Steve Johnson

No. 85
- Position:: Tight end

Personal information
- Born:: June 22, 1965 (age 59) Huntsville, Alabama, U.S.
- Height:: 6 ft 6 in (1.98 m)
- Weight:: 245 lb (111 kg)

Career information
- High school:: Oneonta (AL)
- College:: Virginia Tech
- NFL draft:: 1988: 6th round, 154th pick

Career history
- New England Patriots (1988–1989); Dallas Cowboys (1990);

Career NFL statistics
- Receptions:: 1
- Receiving yards:: 5
- Stats at Pro Football Reference

= Steve Johnson (tight end) =

American football player (born 1965)

Steven Emil Johnson (born June 22, 1965) is an American former professional football player who was a tight end for the New England Patriots of the National Football League (NFL). He played college football for the Virginia Tech Hokies. He was selected in the sixth round of the 1988 NFL draft by the Patriots.

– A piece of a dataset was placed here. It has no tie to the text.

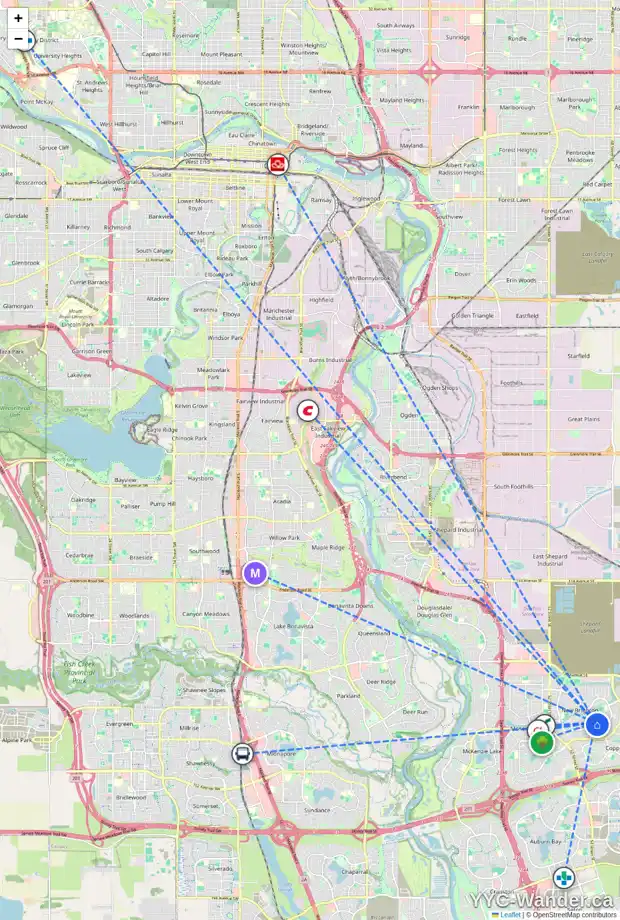 Daily accessibility map for 47 BRIGHTONWOODS CR SE, Calgary showing nearby schools, grocery stores, parks, LRT stations and nearby amenities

Johnson later became president and owner of Johnson Commercial Development. Based in Bristol, Virginia, it is one of the largest commercial developers in the Southeast. One of its projects, The Pinnacle in Bristol, Tennessee, was among the largest commercial projects in the country.

In 2013, Johnson gifted $1 million toward the construction of the Virginia Tech Indoor Practice Facility, and the university named the adjacent Steve Johnson Practice Fields in his honor.